Conformal prediction requires a *nonconformity measure* to be specified.
The nonconformity measure is a real-valued function
which measures how different a test sample is from training samples. Given the nonconformity
measure, the conformal algorithm produces a prediction region for any specified N%.

Conformal prediction defines a new concept of *validity* for prediction with confidence. An N%
prediction region is valid if N% of predictions contain the correct label.

1. What does it mean in practice that a binary classifier provides a valid N%
prediction region?
In the binary classification setting it does not mean that N% of the predictions will be
correct, but that N% of the predictions will contain the correct label.

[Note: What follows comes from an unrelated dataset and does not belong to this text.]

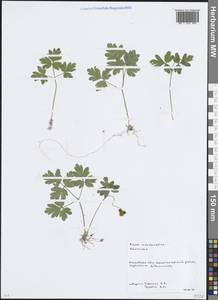 Adoxa moschatellina L., Eastern Europe, Moscow region (E4a) (Russia)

Therefore, if a
conformal prediction model produces an 86% valid prediction region it could be that we obtain,
for example:

- 86% 'both' predictions and 14% 'empty'

- 50% 'both' , 36% correct, 10% false and 4% 'empty'

- 15% 'both, 71% correct, 2% false and 12% 'empty'

- 86% correct and 14% false single predictions

I see a substantial difference in the practical value of the above cases all having the
same valid 86% prediction region.

If our conformal prediction model would predict all 'both',i.e.
everything predicted would be {positive and negative}, we would have 100% validity, but in my view
we would have 0% useful predictions. Therefore, I question the practical value of validity as a measure
in binary classification settings.

2. In my view, saying that the nonconformity measure is a real-valued function which measures how different a test sample is from training samples requires additional clarification. My initial understanding was that it is a measure how markers/descriptors {X1,..,Xn} of a test sample are different from markers/descriptors {X1,..,Xn} of training samples. However, in the calculation of the nonconformity measure the values of the output variable {Y} are used.

3. Currently in the cheminformatics community, a common practice is to use random forest model to generate a nonconformity measure. One would build a random forest model with Y as an output variable (e.g. solubility) and {X1,..,Xn} as input variables (e.g. chemical descriptors) and define the nonconformity score to be the probability for the prediction of Y from the decision trees in the forest. In other words, we presume that the measure of the difference between a test sample from training samples is equal to the percentage of correct predictions of Y (e.g. solubility) given by the individual decision trees in the forest.

I am puzzled how predicting the probability of Y (e.g. solubility of a compound) may be a
*a real-valued function
which measures how different a test sample is from training samples*. I cannot find any arguments which would support that but there are dozens of papers in leading cheminformatics journals which do that.

How can predicting the probability of Y be the measure how different a test sample is from training samples? Isn't it the measure of a test sample being positive (e.g. soluble)?

There are others who indirectly presume 'both' predictions to be treated as correct classification. They discuss and examine false positives in conformal predictions, where 'both' predictions of positive samples are treated as true positives. I think that such practice is misleading.